DATA UNDER STUDY:
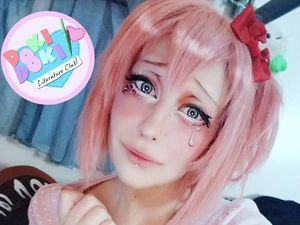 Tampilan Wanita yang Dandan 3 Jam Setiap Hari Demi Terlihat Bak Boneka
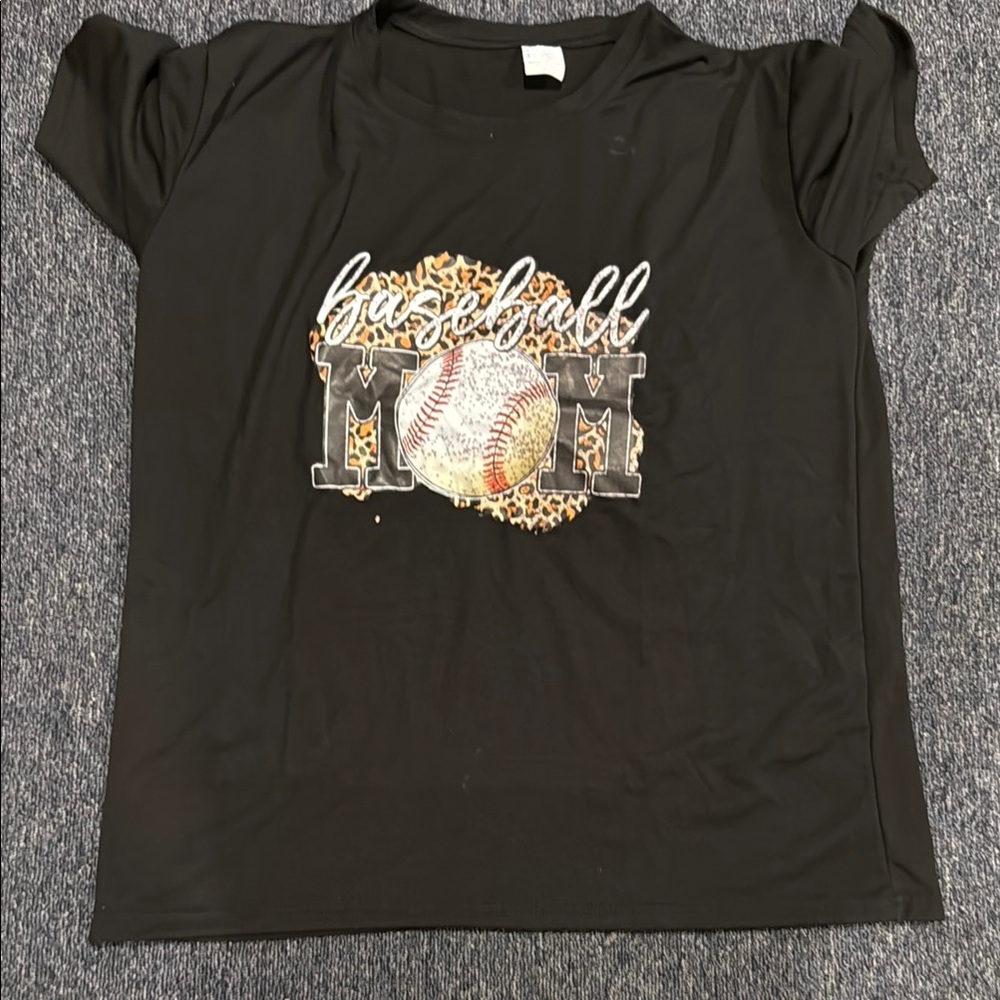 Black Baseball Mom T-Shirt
--
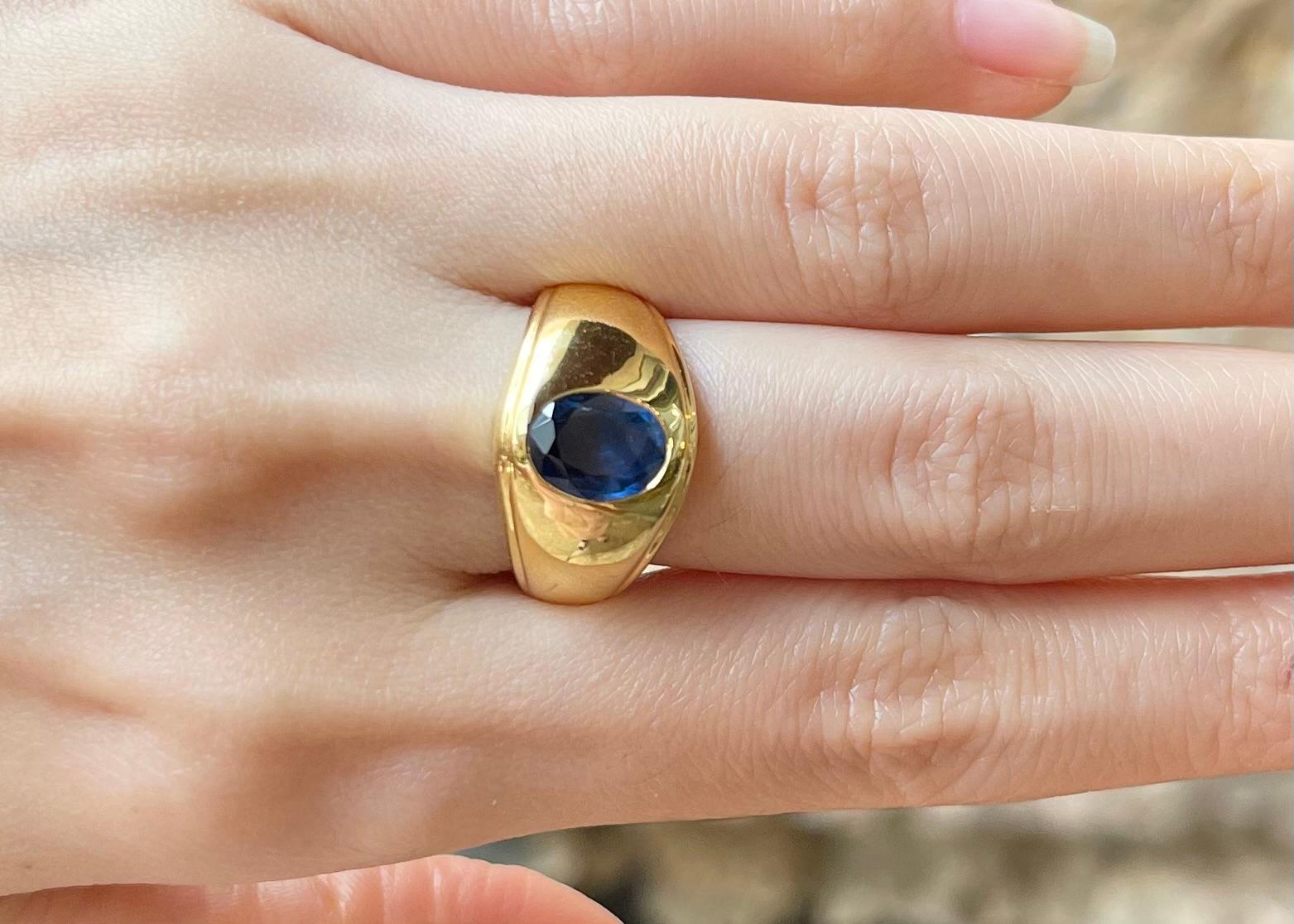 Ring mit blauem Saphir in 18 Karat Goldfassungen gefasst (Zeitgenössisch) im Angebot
==
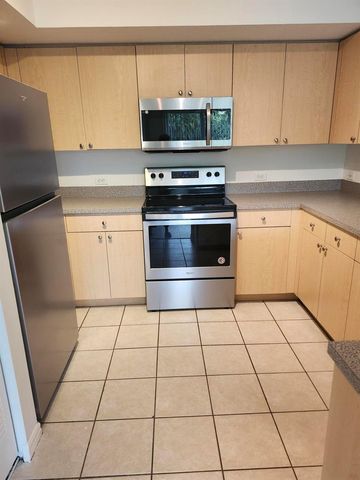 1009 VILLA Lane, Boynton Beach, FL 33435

WORK INSTRUCTION: With the pictures omitted, print the lines above exactly, beginning at the line with "Tampilan Wanita yang" and going on through the line with "Black Baseball Mom T-Shirt".

THE COMPLETED TASK:
 Tampilan Wanita yang Dandan 3 Jam Setiap Hari Demi Terlihat Bak Boneka
 Black Baseball Mom T-Shirt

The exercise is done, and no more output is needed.